● Work task
Nothing but the pictures should be dropped when the records are transcribed word for word.

● Dataset extract
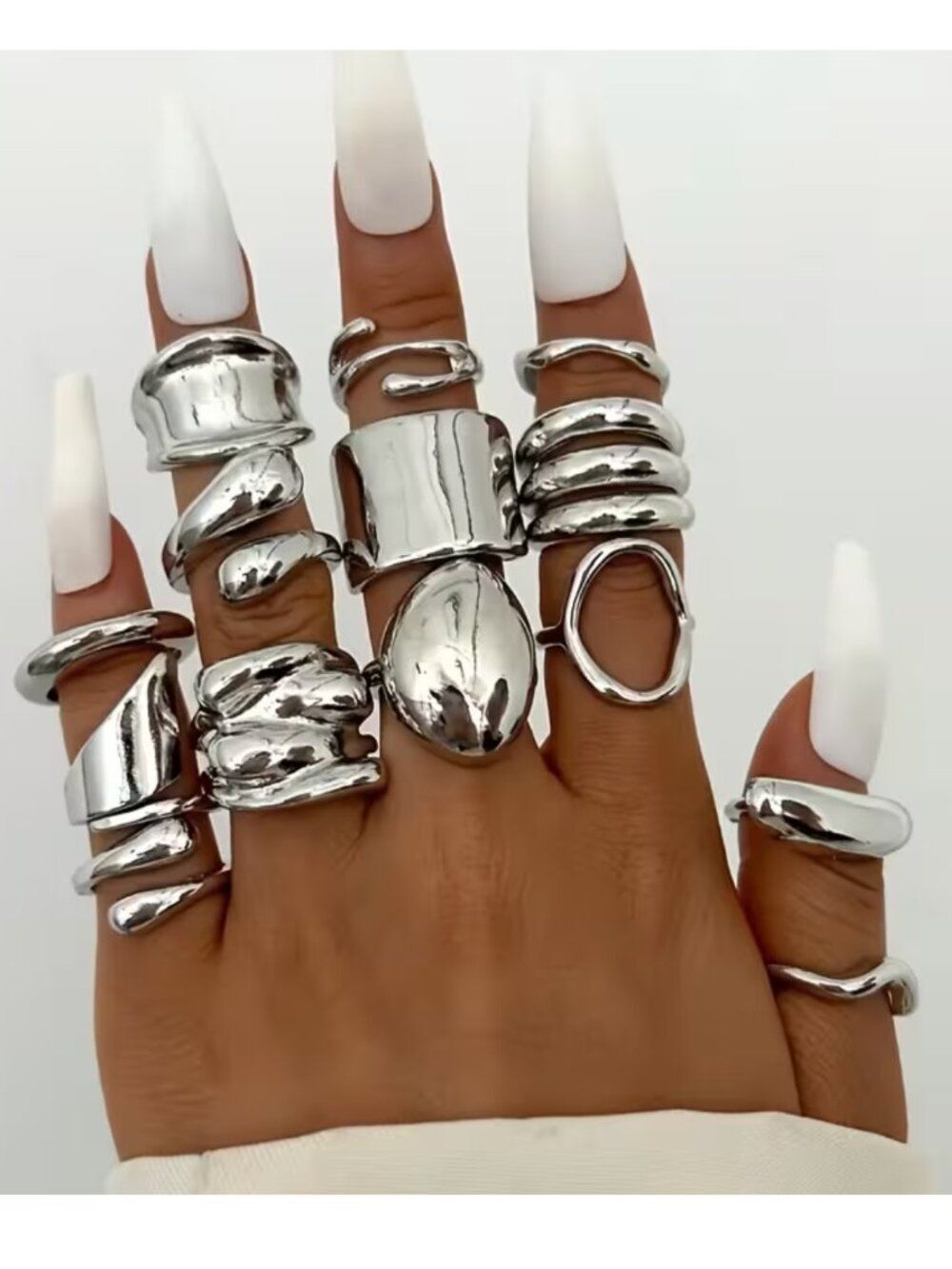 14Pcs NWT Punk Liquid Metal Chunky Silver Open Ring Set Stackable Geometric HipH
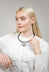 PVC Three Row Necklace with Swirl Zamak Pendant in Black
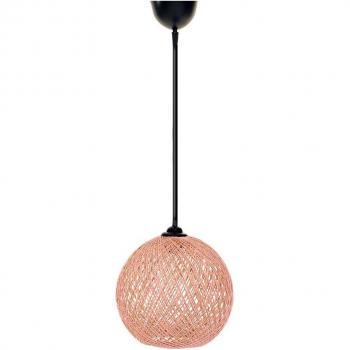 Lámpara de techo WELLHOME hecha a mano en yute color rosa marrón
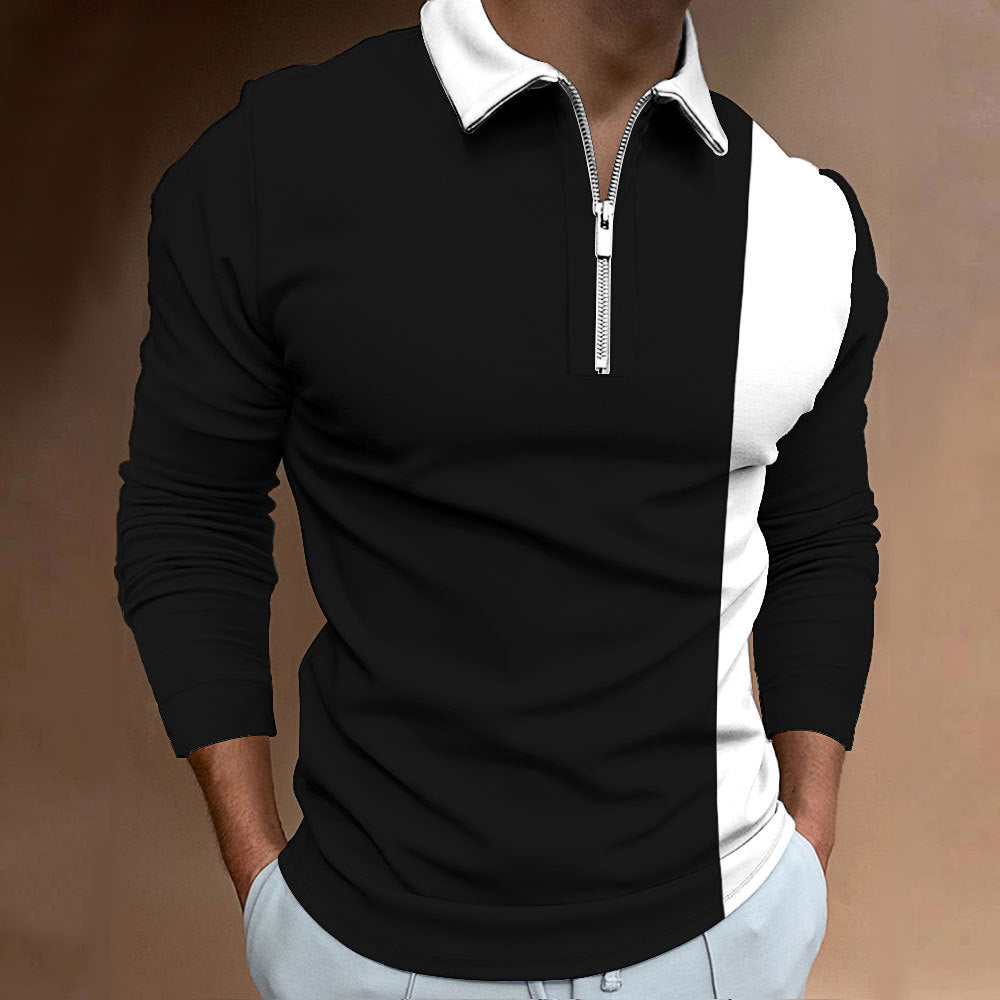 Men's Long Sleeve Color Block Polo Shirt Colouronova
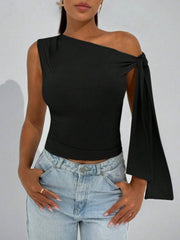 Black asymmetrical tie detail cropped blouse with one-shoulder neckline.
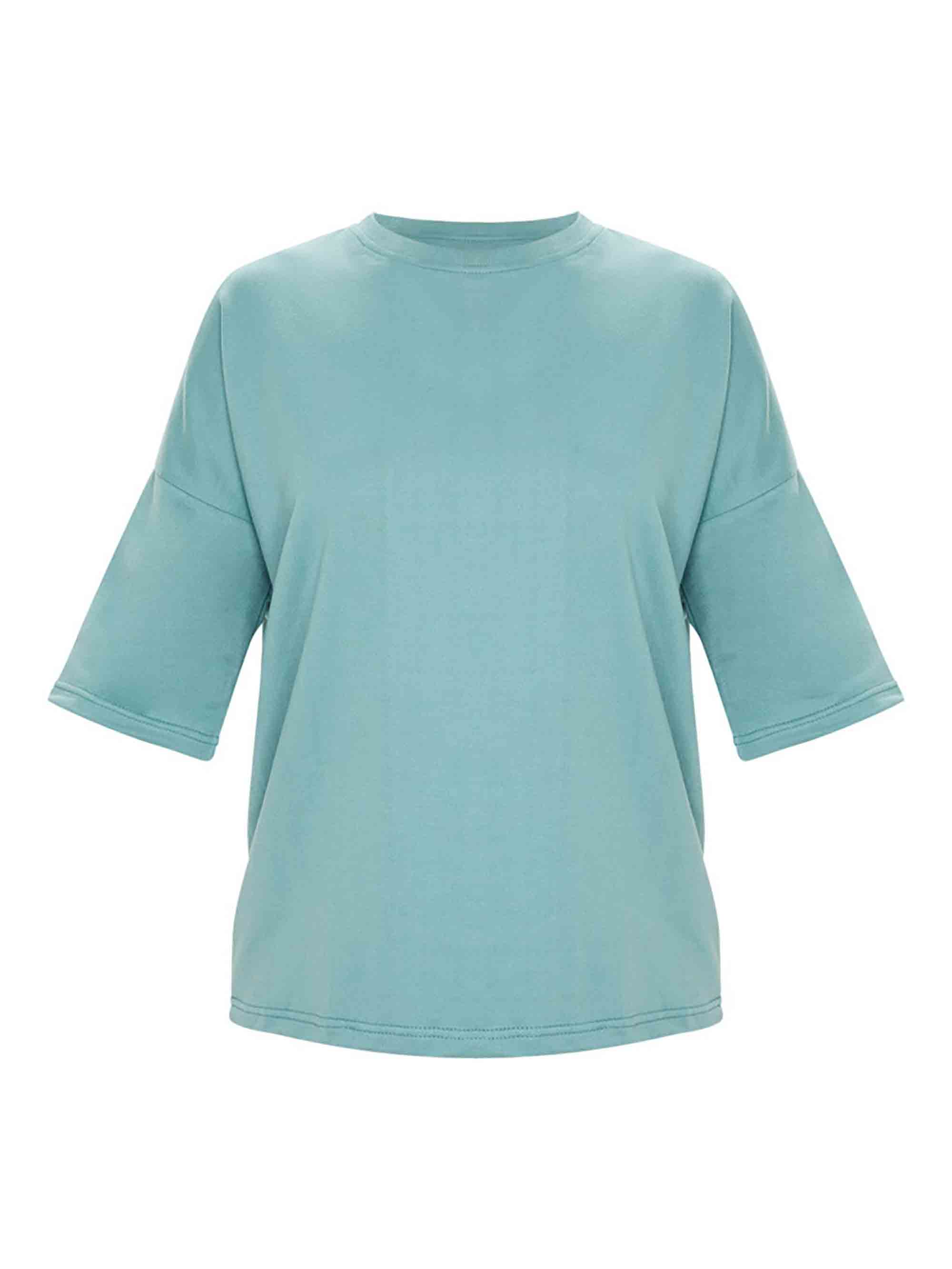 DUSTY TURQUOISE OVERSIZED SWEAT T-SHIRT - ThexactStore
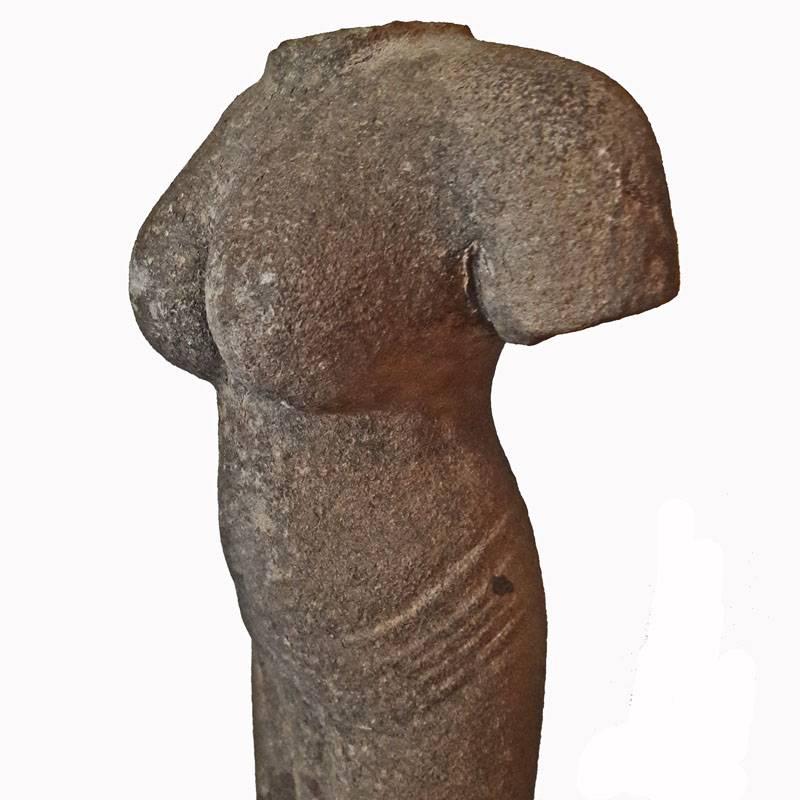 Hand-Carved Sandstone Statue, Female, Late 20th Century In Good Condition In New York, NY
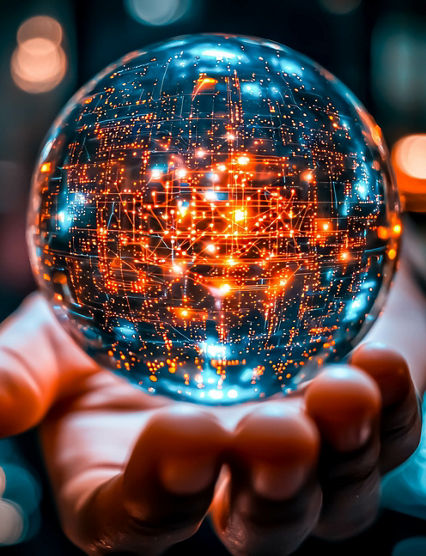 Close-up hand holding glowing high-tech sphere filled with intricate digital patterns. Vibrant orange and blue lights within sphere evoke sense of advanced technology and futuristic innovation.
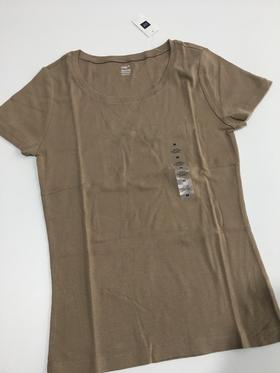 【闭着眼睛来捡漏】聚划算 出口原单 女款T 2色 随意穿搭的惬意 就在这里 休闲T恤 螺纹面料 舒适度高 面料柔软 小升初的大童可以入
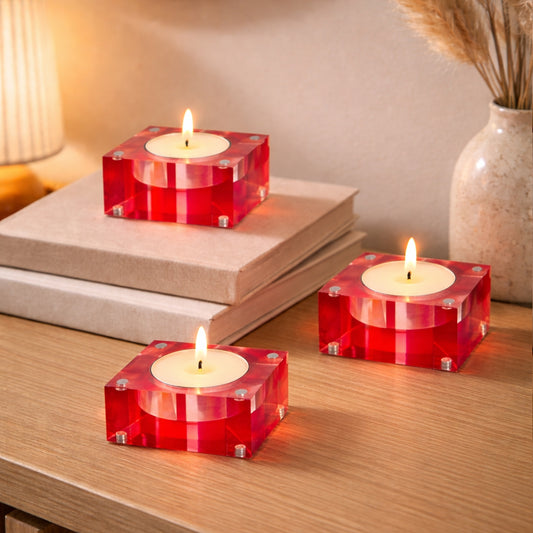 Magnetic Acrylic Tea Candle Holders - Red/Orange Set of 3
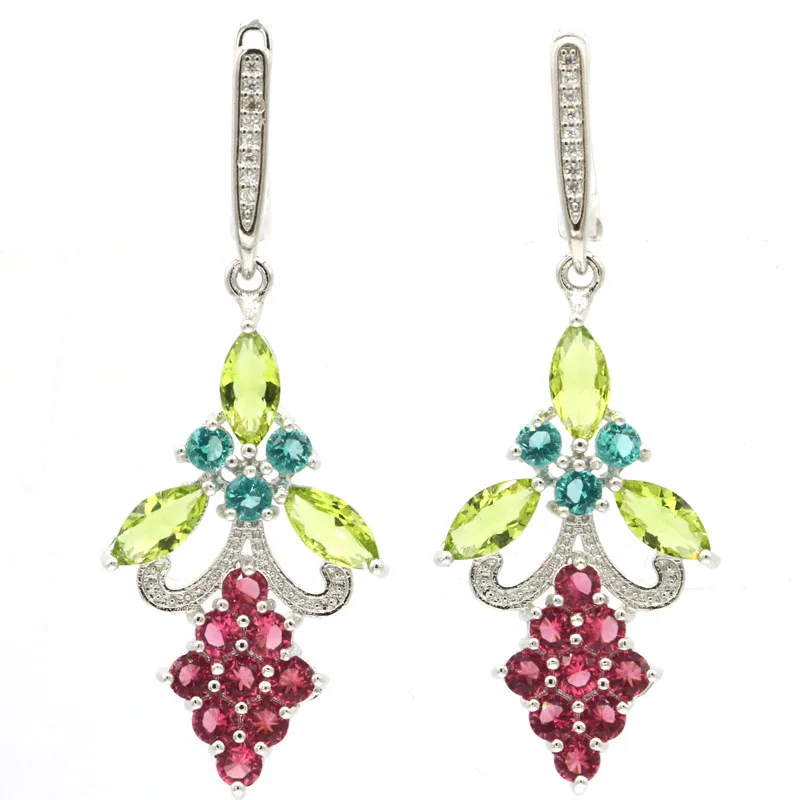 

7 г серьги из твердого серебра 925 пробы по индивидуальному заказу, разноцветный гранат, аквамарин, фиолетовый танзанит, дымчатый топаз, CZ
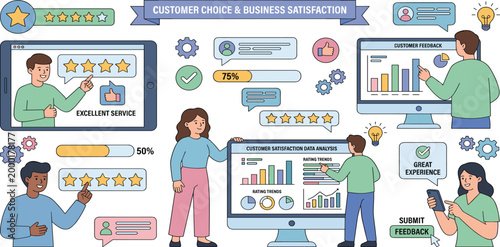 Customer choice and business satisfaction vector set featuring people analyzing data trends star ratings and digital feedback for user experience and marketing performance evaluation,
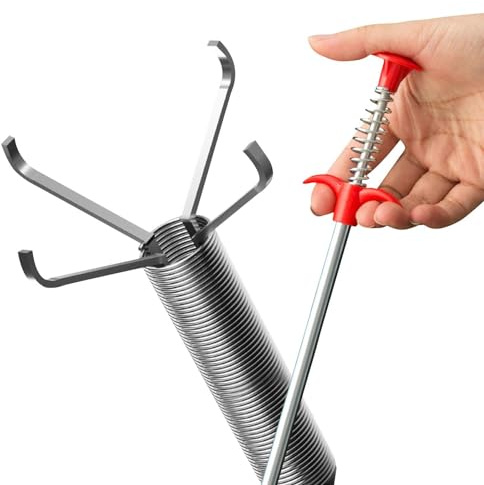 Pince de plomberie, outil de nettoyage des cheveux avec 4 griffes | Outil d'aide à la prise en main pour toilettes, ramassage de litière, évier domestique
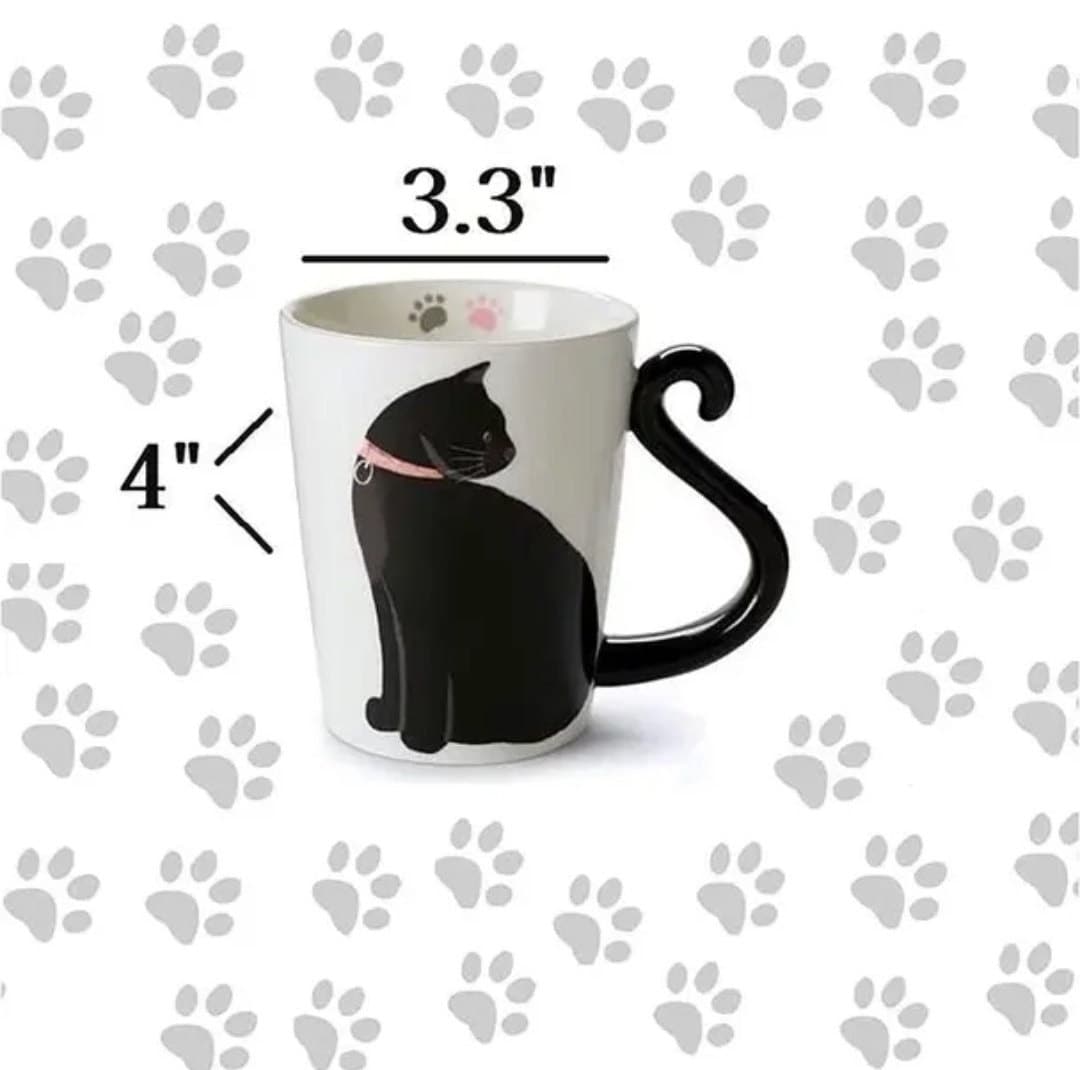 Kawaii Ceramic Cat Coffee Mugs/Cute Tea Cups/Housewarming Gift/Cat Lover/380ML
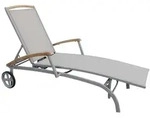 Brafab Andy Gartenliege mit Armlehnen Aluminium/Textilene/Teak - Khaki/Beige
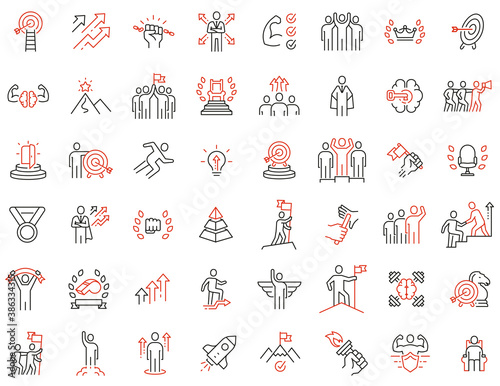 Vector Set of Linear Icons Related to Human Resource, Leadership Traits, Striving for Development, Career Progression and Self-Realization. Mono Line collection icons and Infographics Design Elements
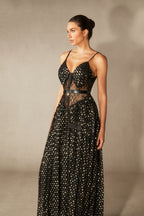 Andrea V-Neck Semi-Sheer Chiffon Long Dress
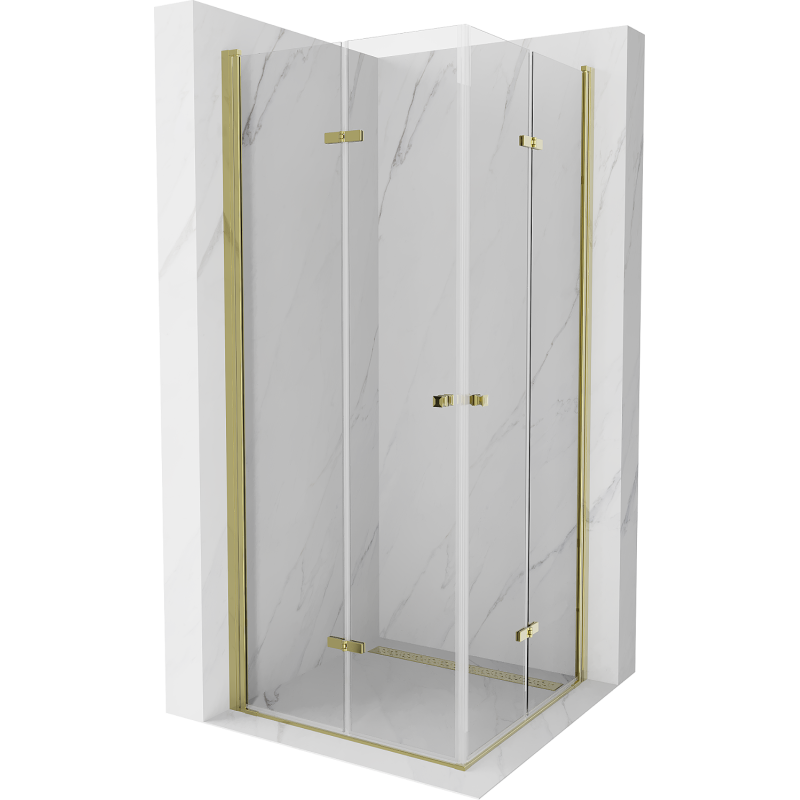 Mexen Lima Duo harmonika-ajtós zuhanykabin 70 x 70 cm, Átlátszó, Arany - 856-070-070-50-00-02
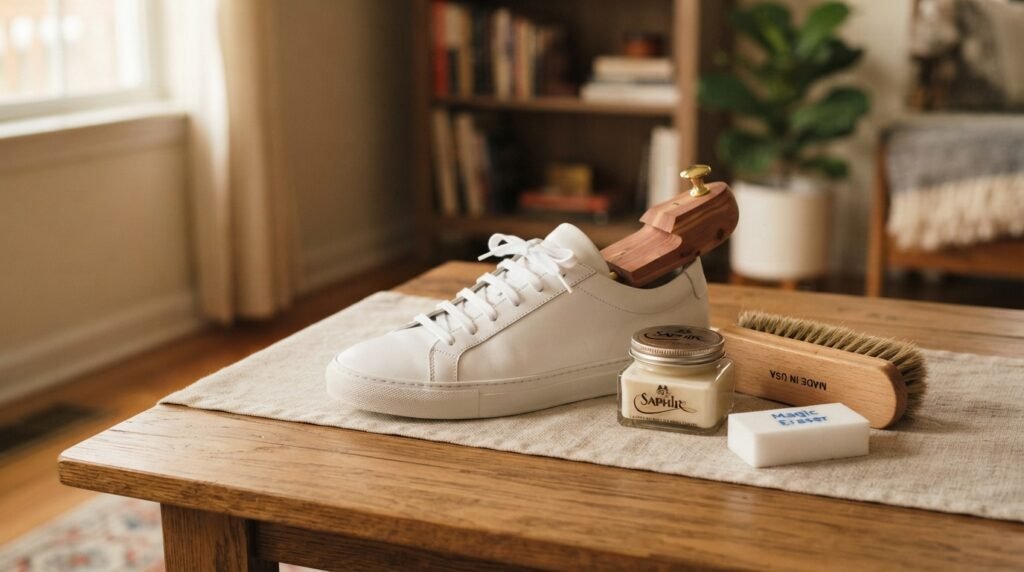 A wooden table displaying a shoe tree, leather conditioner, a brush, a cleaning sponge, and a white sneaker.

● Task output
 14Pcs NWT Punk Liquid Metal Chunky Silver Open Ring Set Stackable Geometric HipH
 PVC Three Row Necklace with Swirl Zamak Pendant in Black
 Lámpara de techo WELLHOME hecha a mano en yute color rosa marrón
 Men's Long Sleeve Color Block Polo Shirt Colouronova
 Black asymmetrical tie detail cropped blouse with one-shoulder neckline.
 DUSTY TURQUOISE OVERSIZED SWEAT T-SHIRT - ThexactStore
 Hand-Carved Sandstone Statue, Female, Late 20th Century In Good Condition In New York, NY
 Close-up hand holding glowing high-tech sphere filled with intricate digital patterns. Vibrant orange and blue lights within sphere evoke sense of advanced technology and futuristic innovation.
 【闭着眼睛来捡漏】聚划算 出口原单 女款T 2色 随意穿搭的惬意 就在这里 休闲T恤 螺纹面料 舒适度高 面料柔软 小升初的大童可以入
 Magnetic Acrylic Tea Candle Holders - Red/Orange Set of 3

7 г серьги из твердого серебра 925 пробы по индивидуальному заказу, разноцветный гранат, аквамарин, фиолетовый танзанит, дымчатый топаз, CZ
 Customer choice and business satisfaction vector set featuring people analyzing data trends star ratings and digital feedback for user experience and marketing performance evaluation,
 Pince de plomberie, outil de nettoyage des cheveux avec 4 griffes | Outil d'aide à la prise en main pour toilettes, ramassage de litière, évier domestique
 Kawaii Ceramic Cat Coffee Mugs/Cute Tea Cups/Housewarming Gift/Cat Lover/380ML
 Brafab Andy Gartenliege mit Armlehnen Aluminium/Textilene/Teak - Khaki/Beige
 Vector Set of Linear Icons Related to Human Resource, Leadership Traits, Striving for Development, Career Progression and Self-Realization. Mono Line collection icons and Infographics Design Elements
 Andrea V-Neck Semi-Sheer Chiffon Long Dress
 Mexen Lima Duo harmonika-ajtós zuhanykabin 70 x 70 cm, Átlátszó, Arany - 856-070-070-50-00-02
 A wooden table displaying a shoe tree, leather conditioner, a brush, a cleaning sponge, and a white sneaker.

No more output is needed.